***** RECORDS PROVIDED

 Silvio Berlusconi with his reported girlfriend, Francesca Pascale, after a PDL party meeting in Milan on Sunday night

**********
***** RECORDS PROVIDED

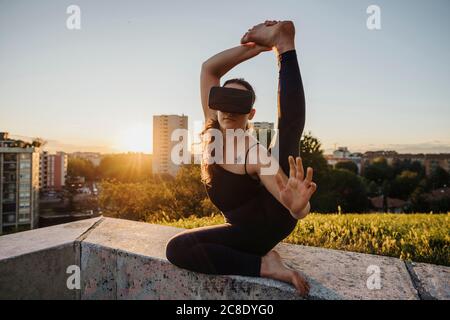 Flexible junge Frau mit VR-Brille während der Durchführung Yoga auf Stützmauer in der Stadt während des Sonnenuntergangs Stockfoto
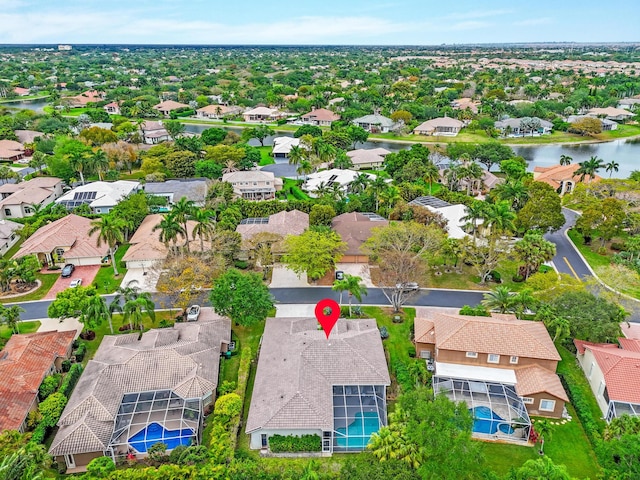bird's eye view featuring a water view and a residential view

**********

PROBLEM DETAILS
Give again, exactly as written above, each line from the one that has "Flexible junge Frau" to the one that has "bird's eye view", both included; omit the pictures.

SOLVED EXERCISE
 Flexible junge Frau mit VR-Brille während der Durchführung Yoga auf Stützmauer in der Stadt während des Sonnenuntergangs Stockfoto
bird's eye view featuring a water view and a residential view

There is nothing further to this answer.